Original Question
I am generating synthetic data to train an NER model. It consists of text and labeled character spans. It’s basically the “Training an additional entity type” task as outlined in the spaCy documentation. I am currently writing my data to a JSONL file whose lines look like this:
["Horses are too tall and they pretend to care about your feelings", {"entities": [[0, 6, "ANIMAL"]]}]
I’d like to use something like ner.print-stream
to visualize this data. What’s the easiest way to do this?

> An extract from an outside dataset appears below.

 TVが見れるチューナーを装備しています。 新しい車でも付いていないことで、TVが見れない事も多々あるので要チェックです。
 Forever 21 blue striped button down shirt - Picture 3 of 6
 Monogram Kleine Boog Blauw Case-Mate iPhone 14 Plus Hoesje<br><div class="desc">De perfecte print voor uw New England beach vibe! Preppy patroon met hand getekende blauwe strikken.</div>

I don’t think there’s anything that does this right now in Prodigy. I think my best bet is to write a custom version of the ner.print-stream
recipe that reads the spans directly out of the JSONL instead of generating them with a spaCy model. This looks pretty straightforward except that I don’t know how to integrate with the streams and tasks interfaces.
- Can I modify the format of my JSONL output so that
get_stream
can read it directly? - Alternately, I suppose I could omit
get_stream
and create my own iterator over task objects directly from the JSONL. What is the format for those task objects? I don’t see that specified in eitherPRODIGY_README.html
or the sample recipe code.
In general, what is the best way to enhance this workflow with Prodigy?
Figured Out Some Parts on My Own
My output format wasn’t proper JSONL because the lines weren’t dictionaries. Changing the format to the following makes ner.print-stream
work:
{"text": "Horses are too tall and they pretend to care about your feelings", "entities": [[0, 6, "ANIMAL"]]}
It highlights the standard NER entities instead of my custom ones.
I also overlooked the documentation for the prodigy.components.loaders.JSONL
file loader in PRODIGY_README.html
. I suppose I could use that to get my custom entities displayed.
Any general advice on using Prodigy for this workflow still gratefully accepted.